Step 5: Rearrange the equation into standard quadratic form

Rearrange the equation:

\[ x^2 - 16x + 48 = 0 \]

Step 6: Solve the quadratic equation

Now, solve the quadratic equation \(x^2 - 16x + 48 = 0\).
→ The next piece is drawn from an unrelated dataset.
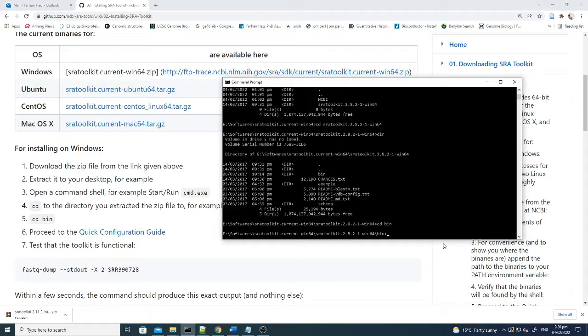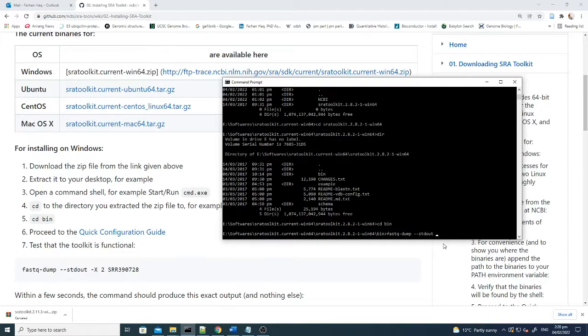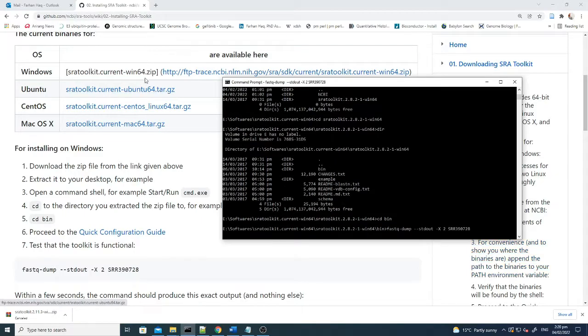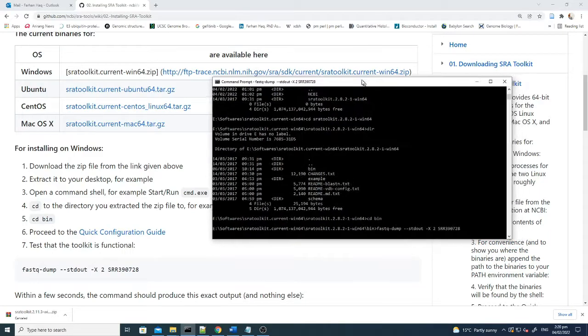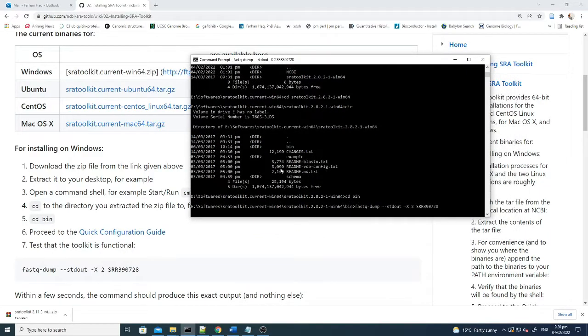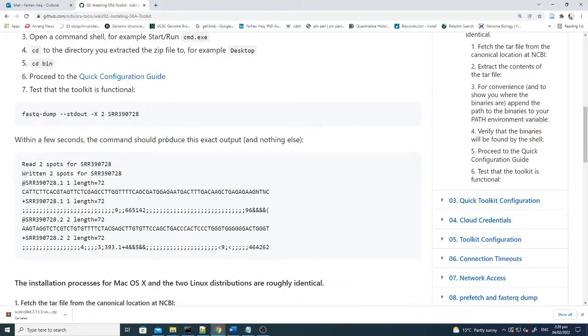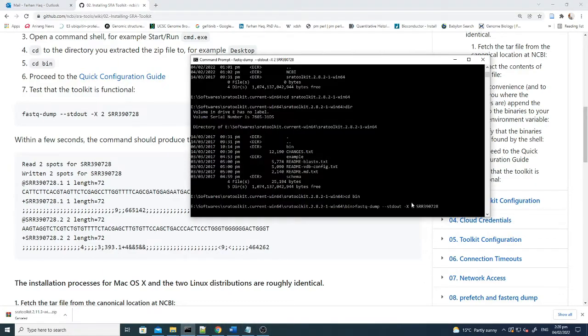After going here, you can just paste this fastq-dump command to check whether your SRA toolkit is working properly or not. If you write it here and try this, within a few seconds the command should produce the exact output shown in the documentation.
To do this, use the quadratic formula:

\[ x = \frac{-b \pm \sqrt{b^2 - 4ac}}{2a} \]

where \(a = 1\), \(b = -16\), and \(c = 48\).

First, calculate the discriminant:

\[ \Delta = (-16)^2 - 4(1)(48) = 256 - 192 = 64 \]

Now, apply the quadratic formula:

\[ x = \frac{-(-16) \pm \sqrt{64}}{2(1)} = \frac{16 \pm 8}{2} \]

So, the two possible values for \(x\) are:

\[ x = \frac{16 + 8}{2} = \frac{24}{2} = 12 \]

or

\[ x = \frac{16 - 8}{2} = \frac{8}{2} = 4 \]

Step 7: Find corresponding values of \(y\)

For \(x = 12\), substitute into \(y = 16 - x\):

\[ y = 16 - 12 = 4 \]

For \(x = 4\), substitute into \(y = 16 - x\):

\[ y = 16 - 4 = 12 \]

Solution:

The solutions to the system are:

\[ (x, y) = (12, 4) \quad \text{or} \quad (x, y) = (4, 12) \]

Both solutions satisfy the system of equations.